The validity of the issuance of Common Stock registered hereby is passed on for the Company by Michael D. Cohen. Mr. Cohen is the Senior Vice President, Deputy General Counsel and Corporate Secretary of the Company and is compensated by the Company as an employee. Mr. Cohen owns 871 shares of Common Stock, and Company stock options to acquire up to an additional 38,910 shares of Common Stock.

Item 6. Indemnification of Directors and Officers.

The Company is incorporated under the laws of Delaware.
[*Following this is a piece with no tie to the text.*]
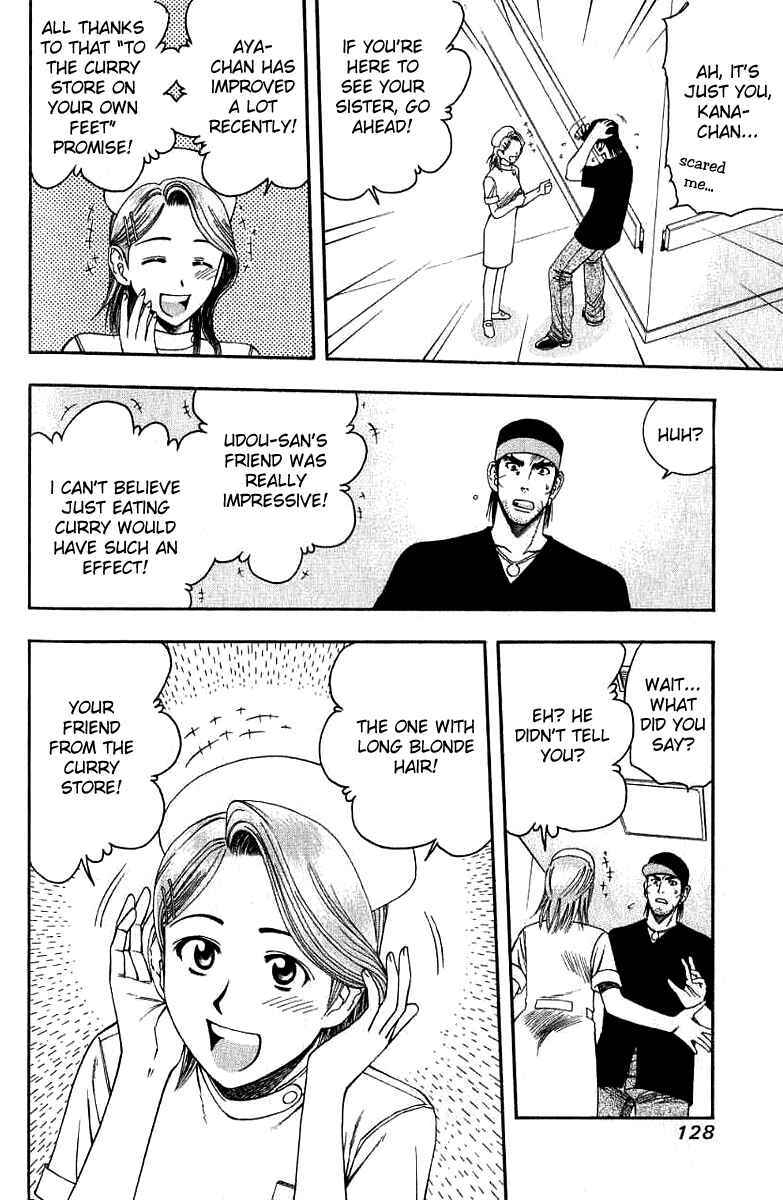 Page 14 Chapter 28 Curry naru Shokutaku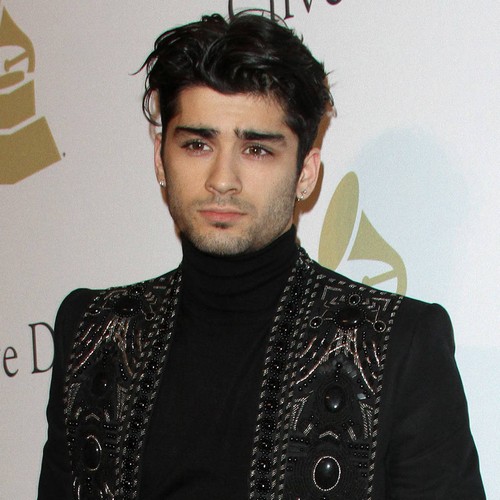 Zayn Malik is cured of his anxiety issues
Section 145 of the Delaware General Corporation Law (the “DGCL”) permits each corporation organized thereunder the power to indemnify any person who is or was a director, officer, employee or agent of a corporation or enterprise, against expenses, including attorneys’ fees, judgments, fines and amounts paid in settlement actually and reasonably incurred by him in connection with any threatened, pending or completed action, suit or proceeding, whether civil, criminal, administrative or investigative, other than an action by or in the right of the corporation, by reason of being or having been in any such capacity, if he acted in good faith in a manner reasonably believed to be in, or not opposed to, the best interests of the corporation, and, with respect to any criminal action or proceeding, had no reasonable cause to believe his conduct was unlawful. Section 102(b)(7) of the DGCL enables a corporation in its certificate of incorporation or an amendment thereto to eliminate or limit the personal liability of a director to the corporation or its stockholders of monetary damages for violations of the directors’ fiduciary duty of care, except (i) for any breach of the director’s duty of loyalty to the corporation or its stockholders, (ii) for acts or omissions not in good faith or that involve intentional misconduct or a knowing violation of law, (iii) pursuant to Section 174 of the DGCL (providing for liability of directors for unlawful payment of dividends or unlawful stock purchases or redemptions) or (iv) for any transaction from which a director derived an improper personal benefit. The bylaws of the Company indemnifies to the fullest extent of the law every director and officer against expenses incurred by him if he acted in good faith and in a manner he reasonably believed to be in, or not opposed to, the best interest of the corporation. In addition, all of the directors and executive officers have entered or intend to enter into separate contractual indemnity arrangements with Caesars Entertainment Corporation. These arrangements provide for indemnification and the advancement of expenses to these directors and executive officers in circumstances and subject to limitations substantially similar to those described above.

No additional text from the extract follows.